#### What is expected:
Your answer must be the data repeated exactly, with no pictures in it.
※ ※ ※
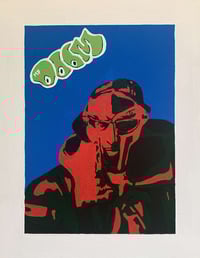 MF DOOM
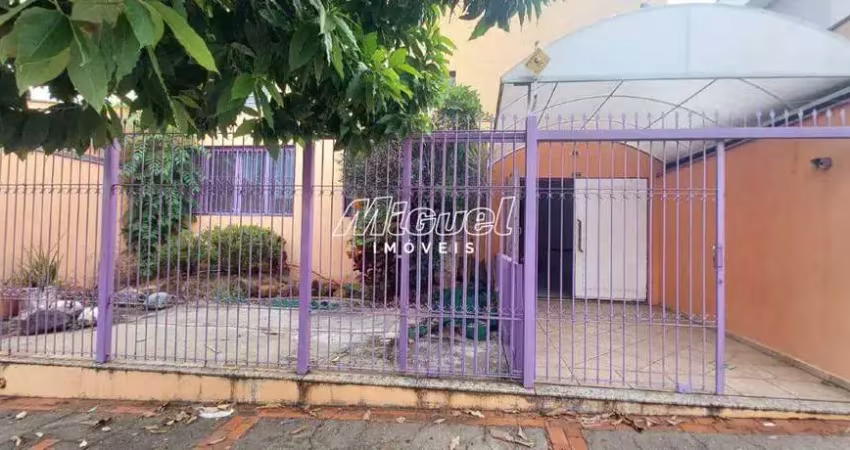 Salão comercial, à venda, nova américa - piracicaba
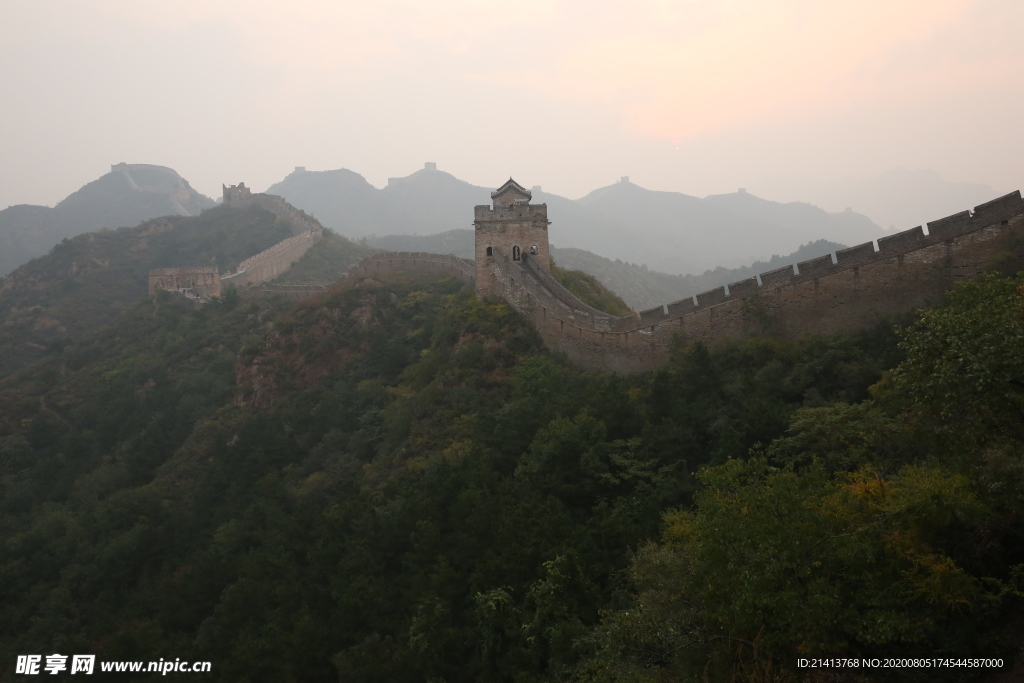 清新自然风景
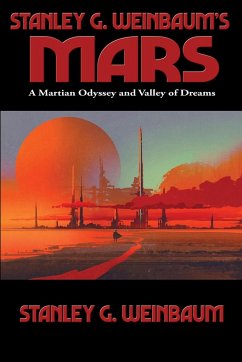 Stanley G. Weinbaum's Mars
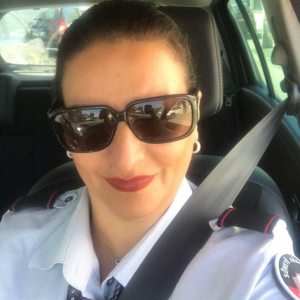 Photo de profil de Fatiha Errahal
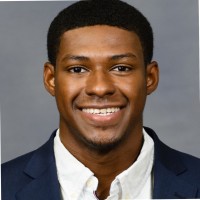 State Street Investment Management Employee Devin Foster's profile photo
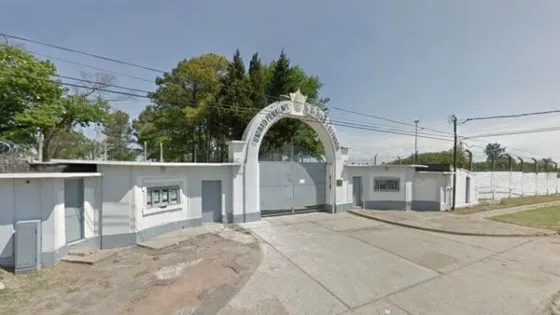Llevaban a una nena a la cárcel para que el novio preso de su madre la viole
※ ※ ※
#### Result:
 MF DOOM
 Salão comercial, à venda, nova américa - piracicaba
 清新自然风景
 Stanley G. Weinbaum's Mars
 Photo de profil de Fatiha Errahal
 State Street Investment Management Employee Devin Foster's profile photo
Llevaban a una nena a la cárcel para que el novio preso de su madre la viole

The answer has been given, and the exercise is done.